Lincoln in the Bardo is an upcoming live-action/stop motion animated film directed by Duke Johnson. It is based on the novel of the same name by George Saunders.

==Premise==
Depicts the life of Abraham Lincoln following the death of his son William Wallace Lincoln.

==Cast==
- Tom Hanks as Abraham Lincoln
- Willem Dafoe as the voice of Everly Thomas
- Jonathan Bailey as the voice of Roger Bevins
- Peter Dinklage as the voice of Hans Vollman
- Meryl Streep as the voices of Abigail Blass / Elizabeth Crawford / Angel / Demon
- Colman Domingo as the voice of Thomas Havens
- Bill Hader as the voices of Eddie Baron / Rake
- Tom Waits as the voices of Jasper Randall / Demon
- André Holland
- Alanah Bloor as Anna
- Mary Birdsong
- Jordan Luke Gage as Gilbert

==Production==
It was announced in February 2026 that Duke Johnson was set to direct the film, with the film mixing live action with stop motion.

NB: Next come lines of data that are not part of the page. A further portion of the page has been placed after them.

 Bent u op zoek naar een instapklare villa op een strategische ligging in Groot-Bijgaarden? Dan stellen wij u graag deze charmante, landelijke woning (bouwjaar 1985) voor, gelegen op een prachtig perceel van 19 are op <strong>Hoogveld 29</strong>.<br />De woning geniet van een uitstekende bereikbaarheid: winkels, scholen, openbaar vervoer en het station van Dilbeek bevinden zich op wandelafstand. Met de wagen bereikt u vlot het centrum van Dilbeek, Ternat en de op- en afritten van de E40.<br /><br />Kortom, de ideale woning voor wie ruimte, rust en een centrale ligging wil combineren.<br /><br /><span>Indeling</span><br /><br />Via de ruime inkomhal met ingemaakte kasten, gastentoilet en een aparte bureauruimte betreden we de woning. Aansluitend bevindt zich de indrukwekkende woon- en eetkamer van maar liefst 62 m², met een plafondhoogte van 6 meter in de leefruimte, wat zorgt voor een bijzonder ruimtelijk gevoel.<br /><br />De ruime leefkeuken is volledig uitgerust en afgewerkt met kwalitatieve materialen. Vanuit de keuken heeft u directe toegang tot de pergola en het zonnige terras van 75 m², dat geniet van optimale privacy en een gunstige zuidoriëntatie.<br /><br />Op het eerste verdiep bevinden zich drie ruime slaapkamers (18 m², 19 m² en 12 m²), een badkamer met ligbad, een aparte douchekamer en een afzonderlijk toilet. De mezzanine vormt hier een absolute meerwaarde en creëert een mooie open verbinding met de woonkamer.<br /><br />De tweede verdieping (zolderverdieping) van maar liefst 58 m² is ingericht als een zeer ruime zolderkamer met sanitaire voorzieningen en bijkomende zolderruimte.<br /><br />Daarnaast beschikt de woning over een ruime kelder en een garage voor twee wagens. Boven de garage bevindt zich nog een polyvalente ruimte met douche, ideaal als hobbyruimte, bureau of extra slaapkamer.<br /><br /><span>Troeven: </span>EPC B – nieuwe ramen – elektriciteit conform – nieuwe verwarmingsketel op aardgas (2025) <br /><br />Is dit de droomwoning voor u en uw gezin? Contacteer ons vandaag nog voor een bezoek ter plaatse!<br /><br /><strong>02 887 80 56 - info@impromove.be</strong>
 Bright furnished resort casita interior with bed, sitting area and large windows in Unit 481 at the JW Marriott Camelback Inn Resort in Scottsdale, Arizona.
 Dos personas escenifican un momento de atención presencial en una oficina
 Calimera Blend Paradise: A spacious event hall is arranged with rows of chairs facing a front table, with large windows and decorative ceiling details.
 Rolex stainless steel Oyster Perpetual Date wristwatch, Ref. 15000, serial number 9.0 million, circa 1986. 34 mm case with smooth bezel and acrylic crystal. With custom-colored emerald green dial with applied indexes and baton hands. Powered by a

George Saunders, who wrote the novel, was set to adapt the screenplay, and Tom Hanks was cast to portray Abraham Lincoln. Willem Dafoe, Jonathan Bailey and Peter Dinklage would join the cast in voice roles in August, while Meryl Streep, Colman Domingo, Bill Hader, and Tom Waits would be added to the voice cast in September.

Live action filming took place in London.